- [Task item]: Please reproduce the data exactly and omit the pictures.

- [Provided data]:
---+---

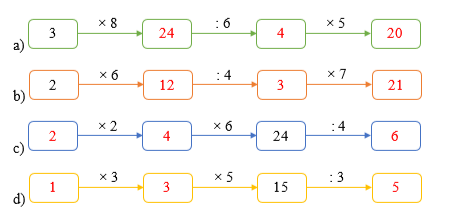 Điền số thích hợp vào ô trống (ảnh 2)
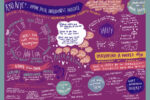 What is Mutual Aid?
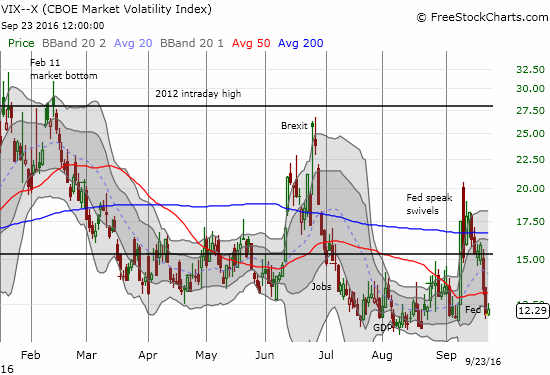 VIX Chart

---+---

- [Final answer]:
 Điền số thích hợp vào ô trống (ảnh 2)
 What is Mutual Aid?
 VIX Chart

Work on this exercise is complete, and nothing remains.